### [WHAT NEEDS TO BE DONE]
All lines from the one containing "Charm Anhänger Hund" through the end of the material below are to be printed exactly, both ends included, minus pictures.

### [DATA]
▼▼▼

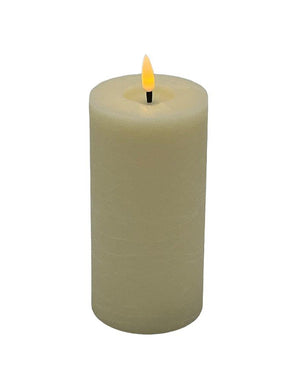 Mansion - Led Pillar Candle  7.5*15cm Pearled Ivory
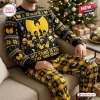 Front view of a Wu-Tang Clan Sweater and Jogger Pants Set in black and yellow with holiday motifs.
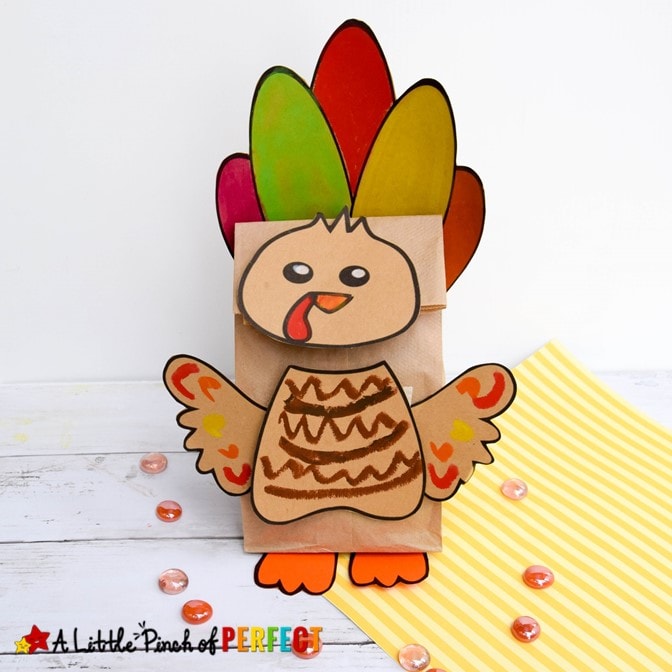 Paper Bag Turkey Craft and Template Kids Activity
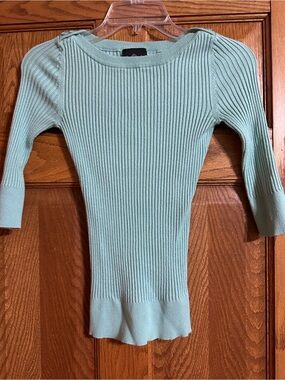 It's Our Time Mint Ribbed Scoop-Neck Women's Sweater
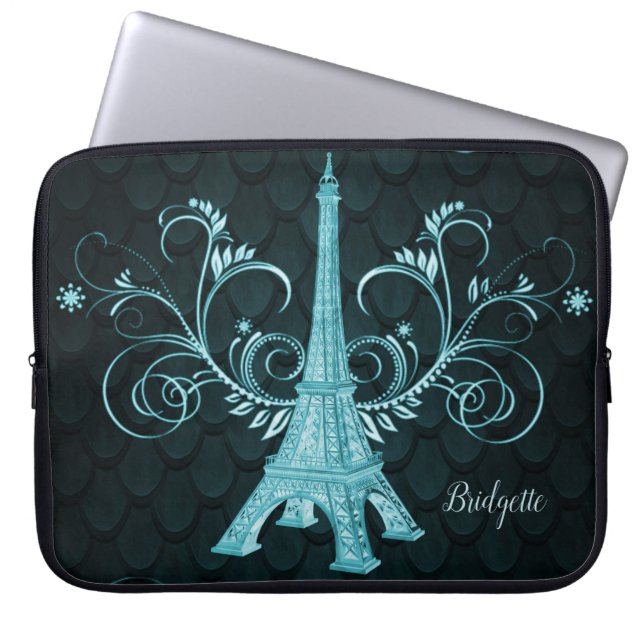 Eiffel Tower Teal Floral Swirls Laptop Sleeve (Front)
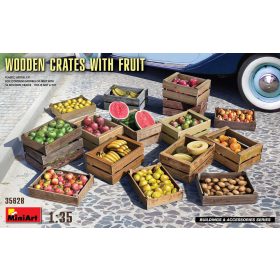   MiniArt 35628 Wooden Crates with Fruit (1/35) Gyümölcs,Láda makett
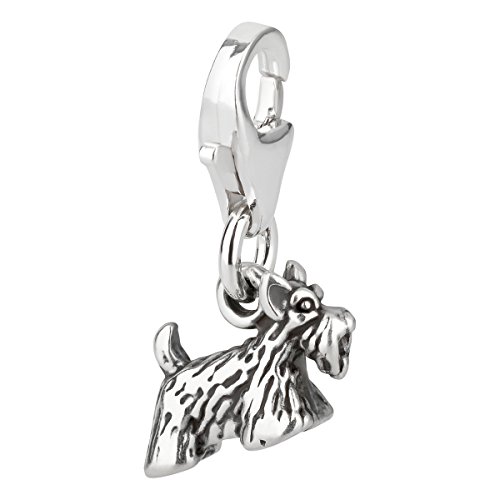 Charm Anhänger Hund kleiner Scottish Terrier 2 aus 925 Sterling Silber (11x8mm) von 7K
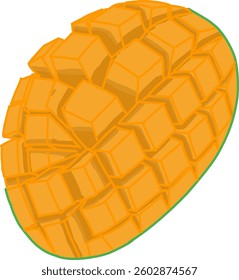 A vector illustration of a sliced mango fruit, presented in a cubed pattern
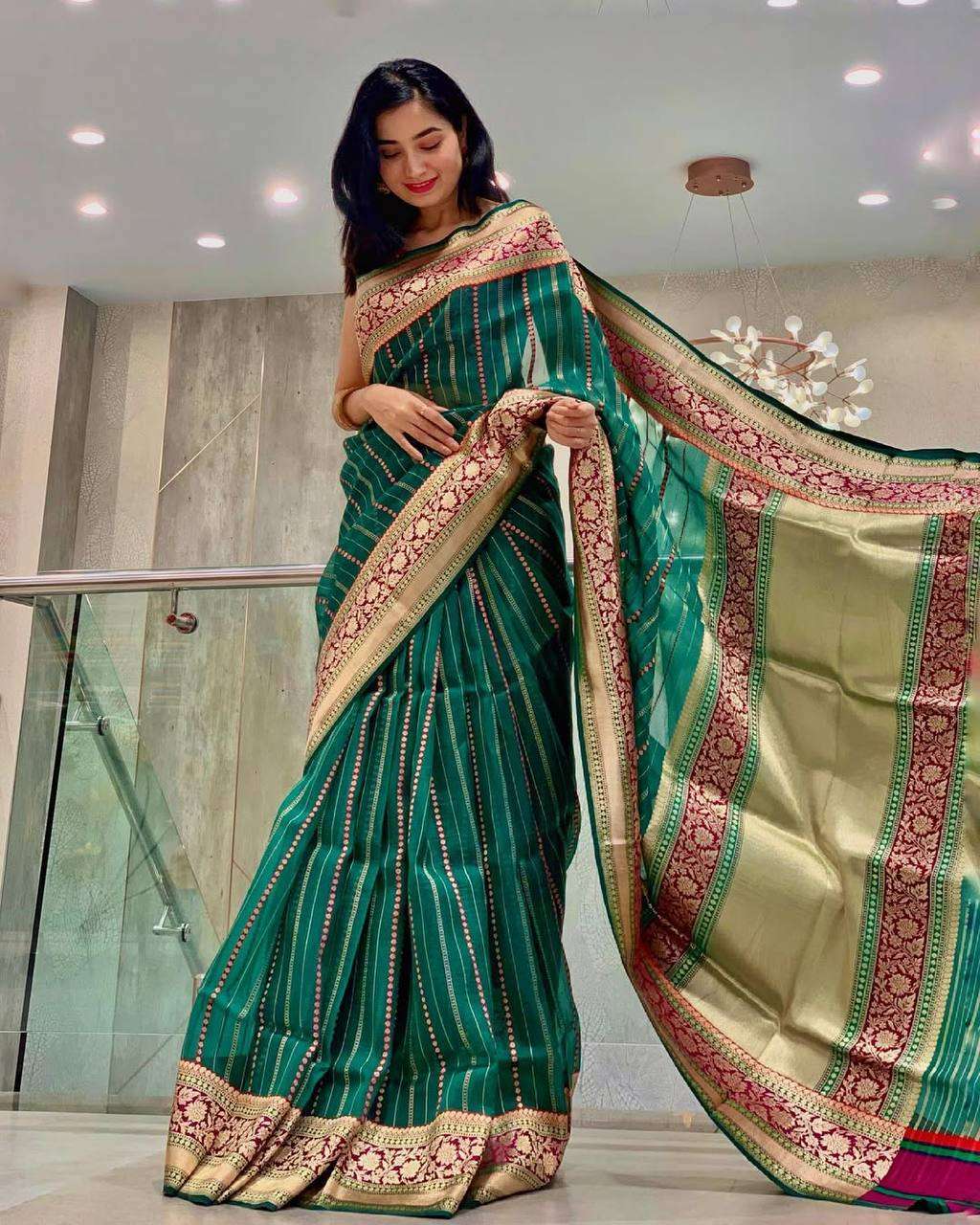 SOFT SILK JACQUARD WORK SAREE FOR SOUTH FASHION COLLECTION K...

▲▲▲

### [ANSWER SECTION]
 Charm Anhänger Hund kleiner Scottish Terrier 2 aus 925 Sterling Silber (11x8mm) von 7K
 A vector illustration of a sliced mango fruit, presented in a cubed pattern
 SOFT SILK JACQUARD WORK SAREE FOR SOUTH FASHION COLLECTION K...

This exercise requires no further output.